C’est en janvier 2015, environ dix mois avant sa déroute, que le gouvernement Harper a adjugé d’un coup l’acquisition de tous les navires dont le Canada pourrait avoir besoin au cours des vingt-cinq années suivantes et même plus, selon ce que l’on a qualifié alors de « stratégie maritime ». Étrange stratégie dont, évidemment, la première caractéristique était de ne rien confier aux chantiers maritimes les plus importants, qui se situent justement au Québec. Et vous, logiquement, achèteriez-vous en un seul contrat toutes les autos que vous allez posséder pendant les prochaines années ? La capacité des fournisseurs de respecter l’échéancier et les estimations ne semble pas non plus avoir fait partie des critères de sélection.
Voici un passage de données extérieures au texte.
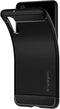 Spigen Rugged Armor - Soft case - Schokbestendig - Zwart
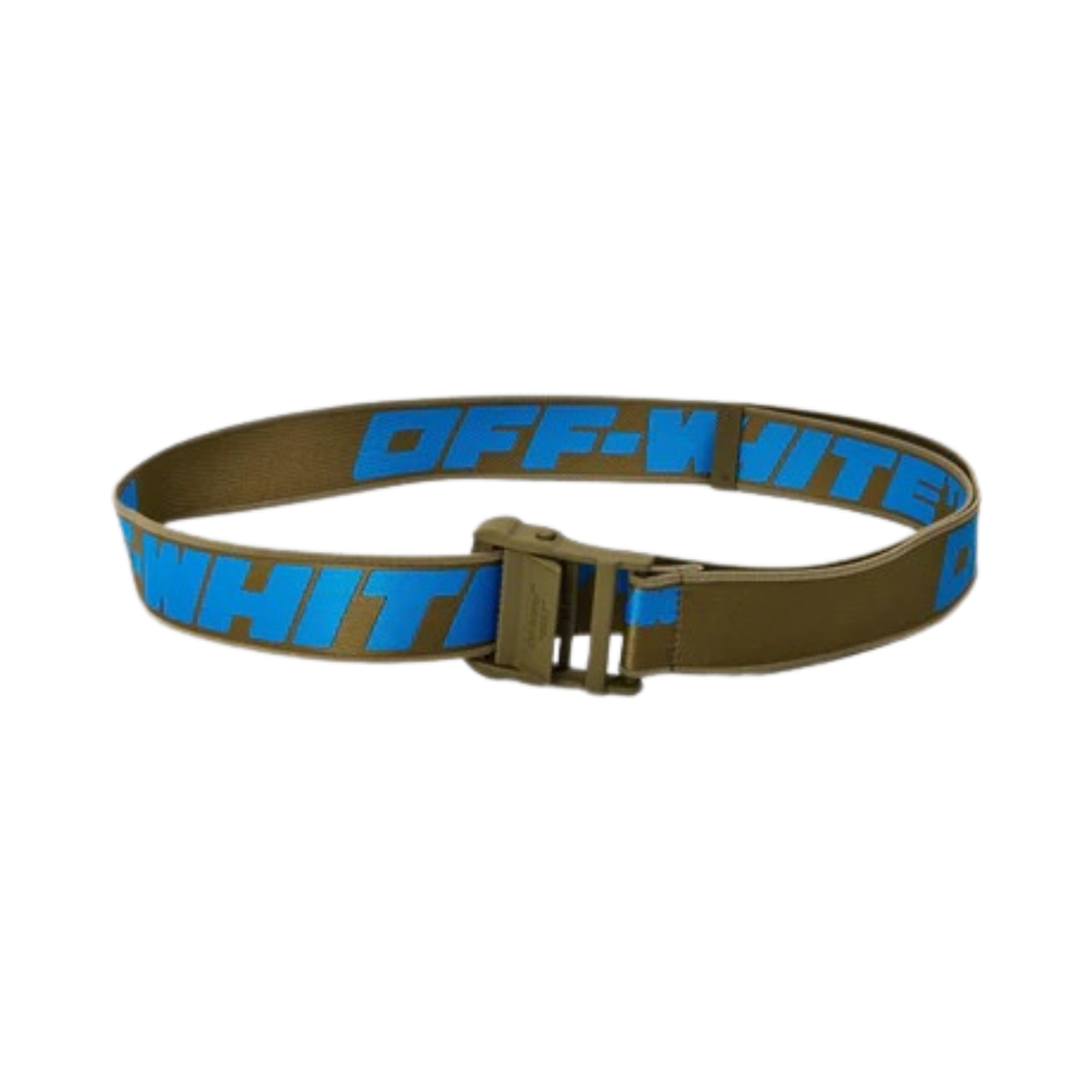 - Graphic Fabric Belt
Alors, presque sept années plus tard, où en sommes-nous dans cette brillante politique d’acquisition, une aventure de quelque 100 milliards ? On a notamment donné au chantier maritime des Irving l’exclusivité de la fourniture de 15 frégates de la marine canadienne au coût alors estimé de 26 milliards, trois jours avant de lui accorder également l’exclusivité de la fourniture des navires de garde côtière. Tout ce qui semble s’être concrétisé depuis est l’octroi d’un contrat de conception à la firme Lockheed Martin en février 2019, quatre ans plus tard, en fait quatre ans trop tard, alors que la valeur estimée du contrat était passée à 60 milliards de dollars et la date de la première livraison fixée à 2031, 16 années après l’adjudication du contrat. La marine canadienne aurait eu tout à gagner à adjuger elle-même ce contrat de conception à Lockheed Martin quatre à six années plus tôt et n’avait nullement besoin d’Irving pour le faire. Quant aux quelques navires de la garde côtière déjà en service, les médias ne se montrent guère élogieux sur leur qualité.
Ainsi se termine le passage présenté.